A few typographic terms before we get started. Kerning is the process of optically adjusting the spacing between letters, by hand in most cases, to produce a more even end result. Hinting is the adjustment of type outlines, a willful distortion of the letterforms to help them fit the pixel grid. The difference is that you will most likely never need to hint (it’s done by the designer/foundry before font distribution) but kerning is an essential monkeywrench for your toolbox. And finally, anti-aliasing is the softening of jagged pixellated curves through interpolation.
The two lines of text pictured above show the difference between type set simply by entering and forgetting about it (top), and type that has been manually kerned (bottom). As digital type has matured, the defaults are getting rather good. Hinting of the more common professional typefaces is generally done well, but manual work by the designer is often still needed to take it the extra mile.
However, when you hit a certain size with your type, it becomes hard to apply traditional kerning reliably. 12 pixel high type rarely benefits, unless the gaps are too obvious to ignore.
This is because when working with small enough sizes, a whole new set of problems is introduced. The algorithms used to generate type hit the pixel barrier: no stroke or curve can be reduced smaller than a single pixel in width. Anti-aliasing offers a method around this, by half-toning two or three pixels instead of setting one to full intensity. The optical effect is a smoother curve, which will often appear thinner.
But anti-aliasing is problematic, as the extra pixels add blur. And since it’s an all-or-nothing proposition, you will find them blurring in spots that you really would rather they didn’t.

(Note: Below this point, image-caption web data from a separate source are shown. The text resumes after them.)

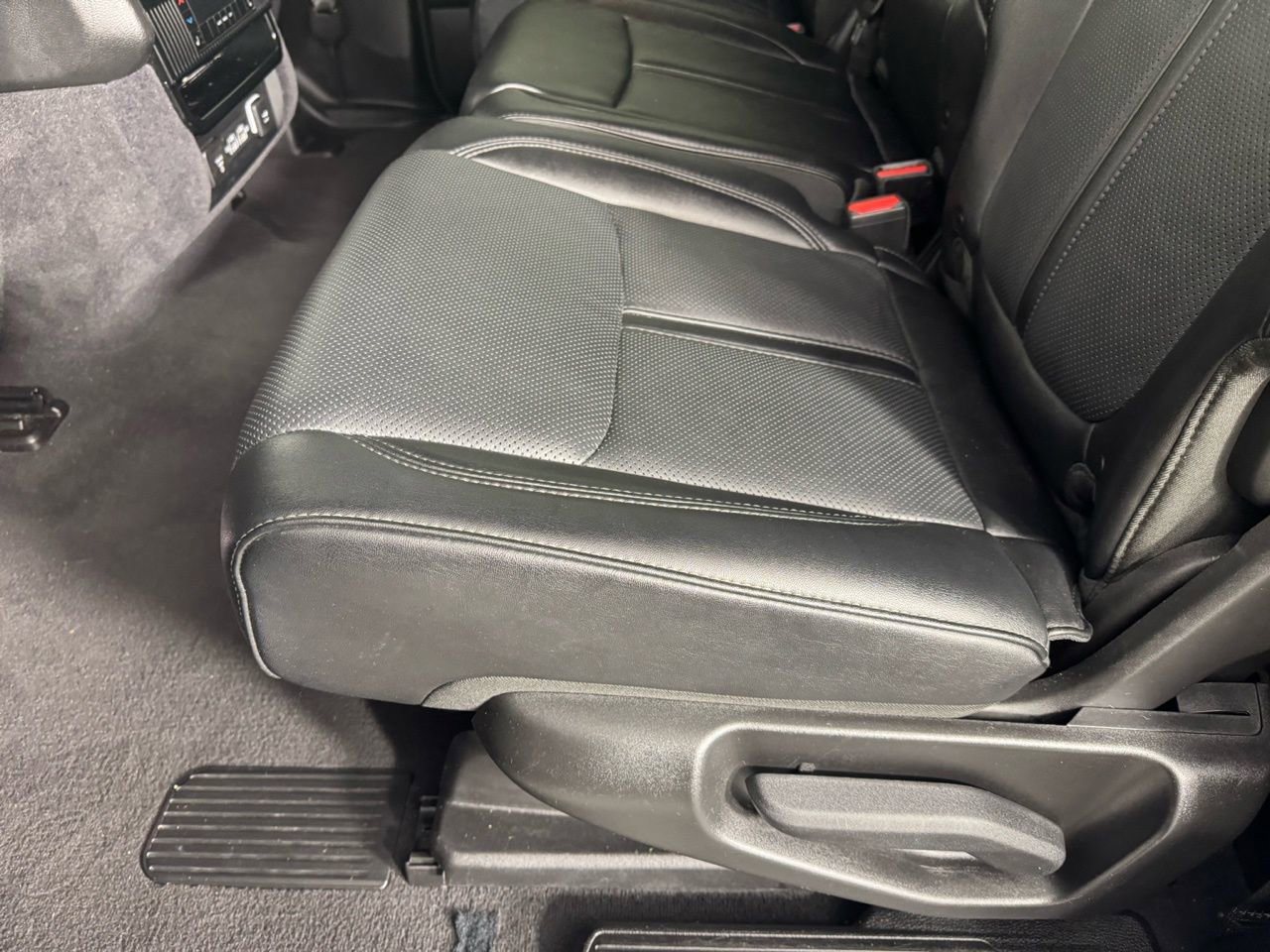 Used 2024 Jeep Wagoneer L Series II w/ Flexible Seating Group image 27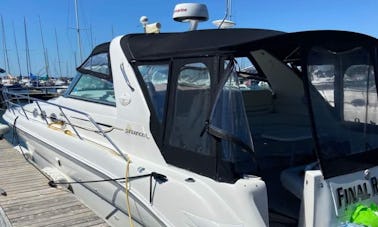 40ft SeaRay Sundancer Yacht for Charter in Toronto
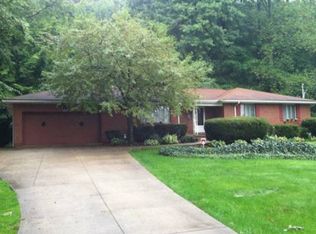 2570 Royalwood Rd, Barberton, OH 44203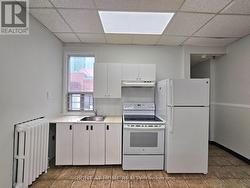 2 - 516 YONGE STREET Toronto, ON M4Y 1X9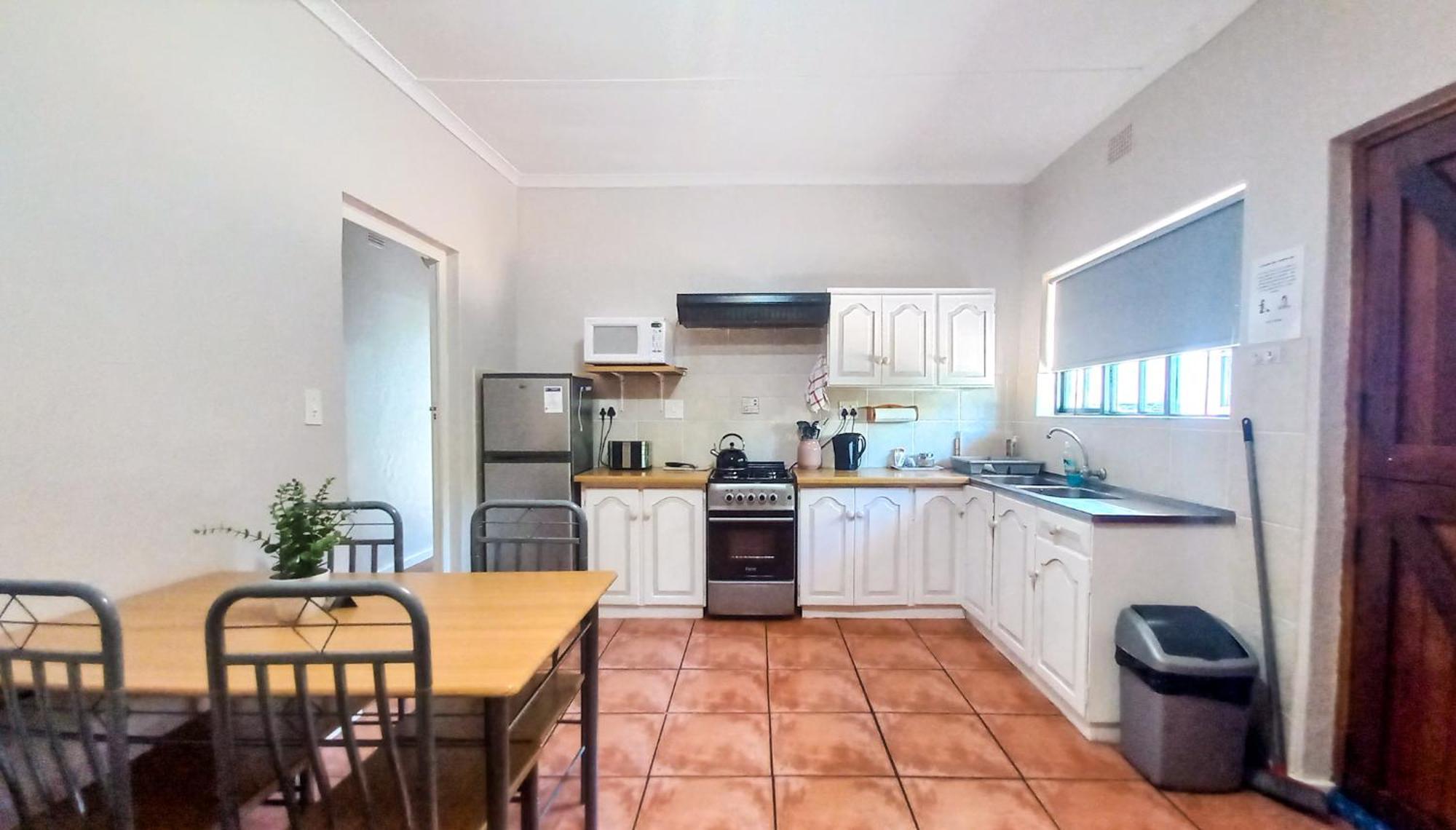 Koo Karoo Guest Lodge And Self Catering モンタギュー エクステリア 写真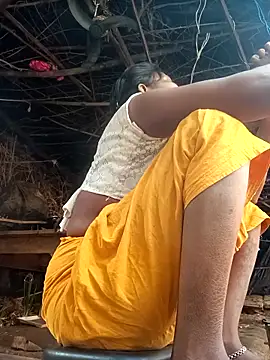 cute_diya_12's cam snapshot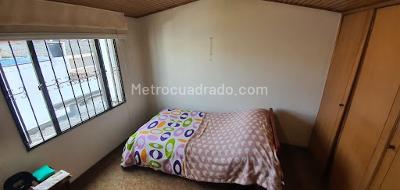 Casa de 5 alcobas en venta en Nicolas De Federman, Bogotá, 240 m² · foto 18 de 20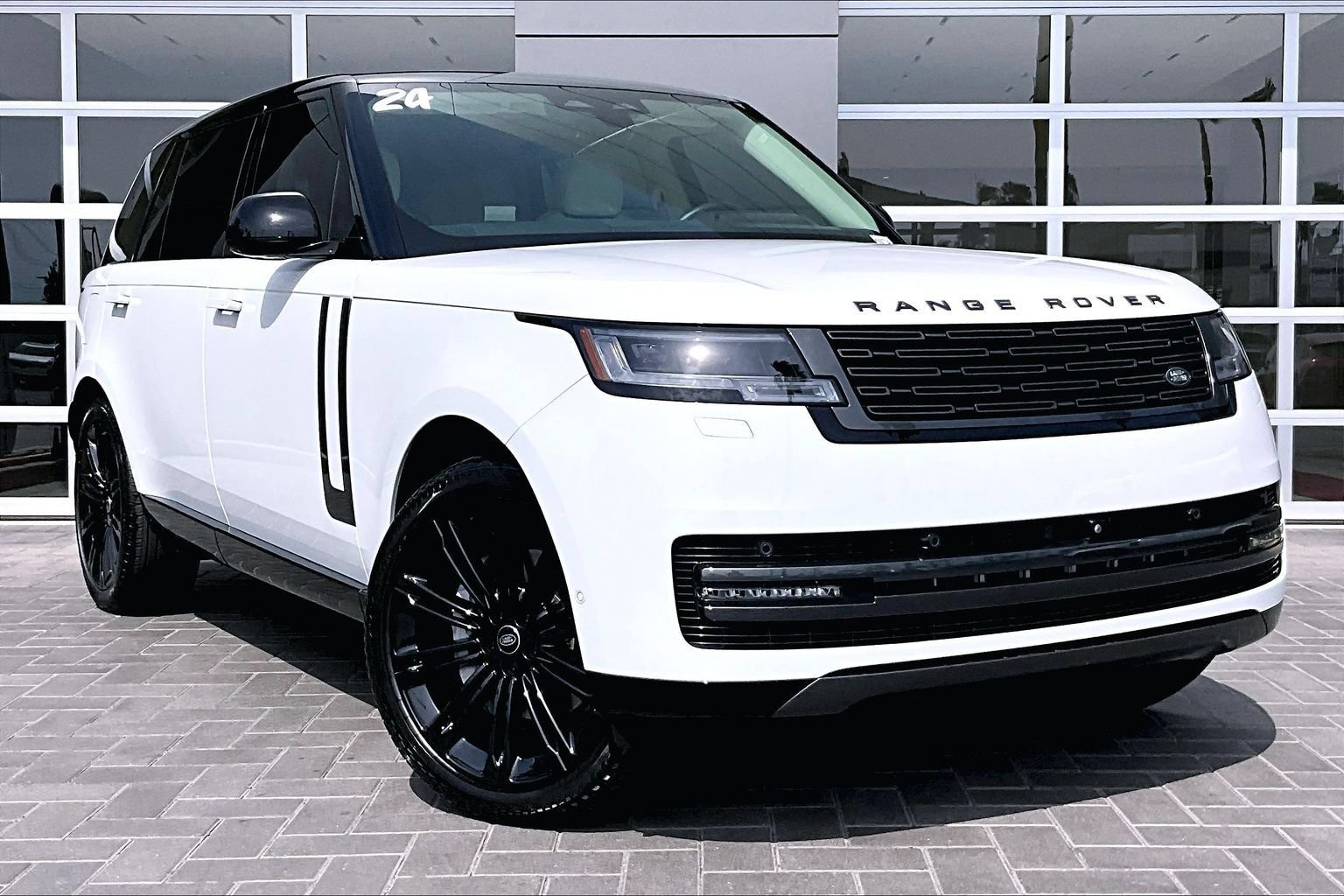 Used 2024 Land Rover Range Rover Long Wheelbase SE AWD/4WD image 3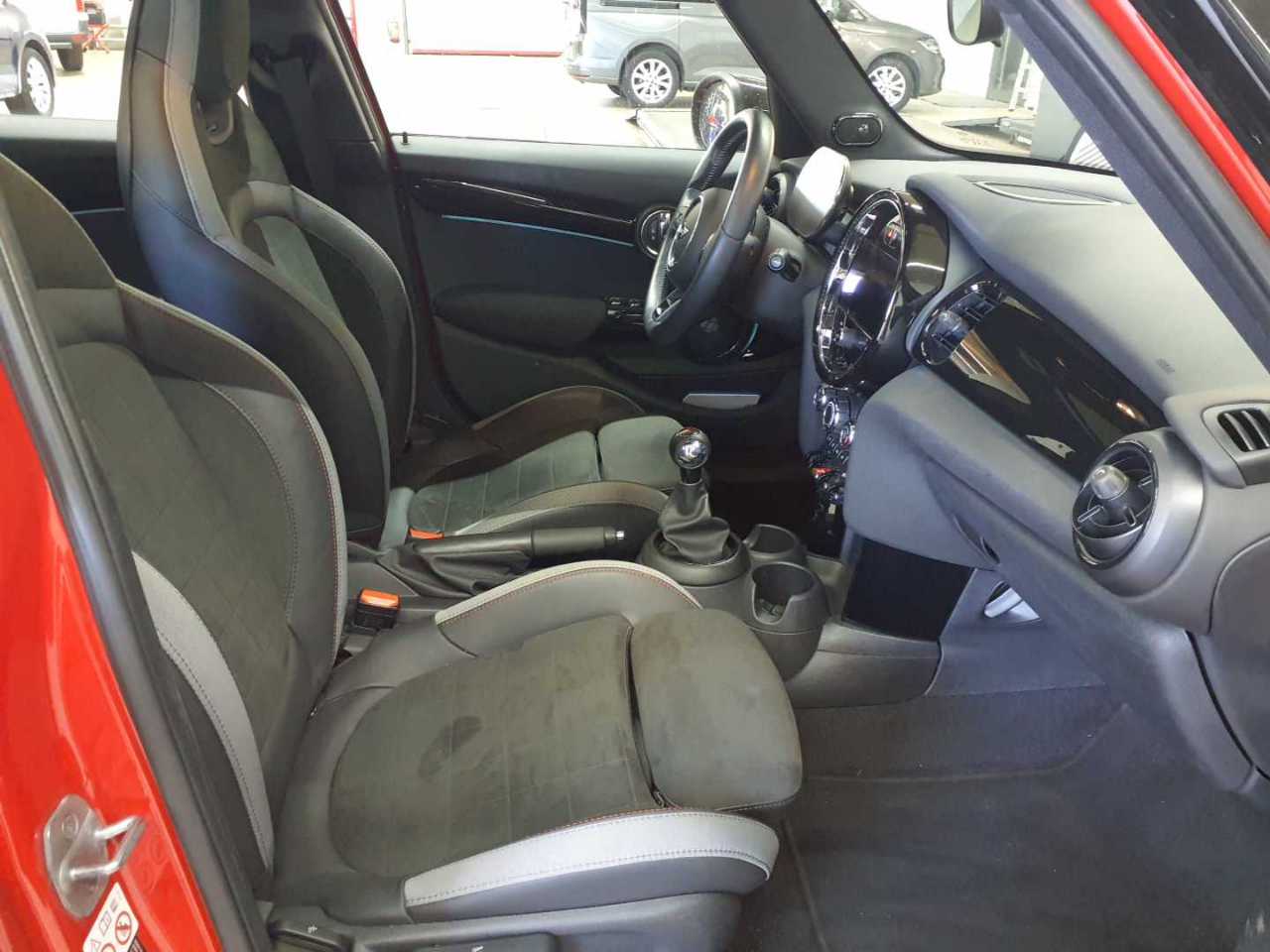 Mini Cooper John Cooper Works Trim 7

In the above image, you’ll notice the stems (vertical strokes on either side) of the U are two grey pixels thick, instead of a single black pixel. The type display algorithm has essentially decided the center line for each stroke falls between the two pixels, so each is shaded. It’s hard for the software, but easy for us to see that this results in a blurry U. Fortunately the tools exist that allow us to fix it.
The Photoshop dialogue at right highlights the adjustment tool you’ll be looking for. By specifying a positive or negative integer, you control how much space displays between each letter. This is the same spot you’d go to kern. Note that your cursor has to be placed between two letters in order to work, without either highlighted.
For the purposes of our aliasing however, we’re not so much concerned about the letter spacing as we are of where the type falls on the pixel grid. By playing with the values, it’s possible to bump each letter off whatever axis is causing it to render sloppy, and tighten up the letters.
The dropdown shown above has some default values you can choose from, but often times you’ll want to add a number in between those, which you have to type. That gets tedious. I just discovered this week that by hitting Option + (left or right arrow) [Mac] or ALT + (left or right arrow) [Win], you can adjust the spacing in increments of 20, which in most cases is good enough.
Compare and contrast the above images. Subtle changes can make a world of difference to final legibility.